For nine months, I had given so much to this program—to put together lectures, to stay on top of deadlines and questions, to pray. I was assisted by so many people too. But there were so many sacrifices. Having to give up free moments here, sacrificing some time with friends there. For nine months, I was laboring for this group.

And something I did not expect started to happen.

I started to fall in love with them. 

The thirty who were strangers when I met them, people who were foreign to me and perhaps even weary of me at first—these thirty people, I realized, were good, beautiful, and genuine people truly seeking to learn more, truly being called to find their home.

I began to really love them. I wanted them to find their home. And it didn’t matter to me what sacrifices I had to make or what sufferings I would have to endure. I loved them!

This helped me to understand Good Friday. (Which I wrote about here)

In the past, I mostly saw Good Friday as a day focusing upon pain and death and suffering—all for our sins. The emphasis of the day being on our sins. What I had missed was the obvious, something that I realized now: Good Friday is a day about Love.

I loved my RCIA people. And because I loved them, I willingly suffered for them. Because Jesus loves us, He willingly suffered for us. This is what love does.


Rediscovering Easter Sunday

Last night, I was standing at the entry to the sanctuary and I began to read the names of those who were about to enter the Catholic Church. And as I began to read their names, I began to think about how far they had come and how we had all suffered together and about how much I truly loved them. And I had to fight back the tears.

Here they were, coming into the Church. The suffering was over. But my love continued. I still loved them! Mothers you know this by way of your experience: for nine months in the womb you carry your child and you love your child. And after you give birth to your child, you still love her, right? You never stop loving your child, right?

Good Friday is the labor of Jesus’ love. But His love still continues, right? So, after Good Friday, how is He going to show us that His love is forever?

How is He going to show that His love is forever?

By destroying the one thing that keeps us thinking that nothing is forever.
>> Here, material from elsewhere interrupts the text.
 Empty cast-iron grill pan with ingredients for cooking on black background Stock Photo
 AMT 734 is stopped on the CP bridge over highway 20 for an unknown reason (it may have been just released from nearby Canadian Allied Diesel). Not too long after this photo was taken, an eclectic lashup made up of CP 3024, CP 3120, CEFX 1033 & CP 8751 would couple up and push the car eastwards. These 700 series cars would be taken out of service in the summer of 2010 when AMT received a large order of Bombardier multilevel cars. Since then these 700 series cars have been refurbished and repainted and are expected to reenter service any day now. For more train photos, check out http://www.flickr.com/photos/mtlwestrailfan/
He had to destroy death. That’s what happens at Easter.

Easter, then, isn’t about the end of the Cross. Easter isn’t about replacing Good Friday. Easter is about Love showing us that this Good Friday Love is forever! It is forever because His Love is stronger than death itself!

Don’t you see?

Jesus’ love wasn’t just a flash in the pan that lasted for only three hours on some random Friday afternoon. Jesus’ love wasn’t just yesterday. He love isn’t just today. Jesus’ love is forever! Yesterday and today and forever!

He loves you forever! – not only until death do us part, but forever!

  
Rediscovering the Tomb: The End and the Beginning of the World

Look at Mary Magdalene. She is there in the early morning “while it was still dark.” This is about four in the morning. (I googled this). Who goes to a tomb at four in the morning?! Nobody does that. Unless… unless it was love.

I totally get Mary Magdalene now. She went to the tomb because she was convinced that Love was forever. She was in disbelief at what had happened to Love on that Cross. Love, she thought, Love couldn’t be killed—not like this, not by a Cross, not at all. And so she goes to the tomb with a heart with so much sorrow, with a heart like so many of us that pours forth its words: “Love, Love… Please… don’t let this be the end of love!”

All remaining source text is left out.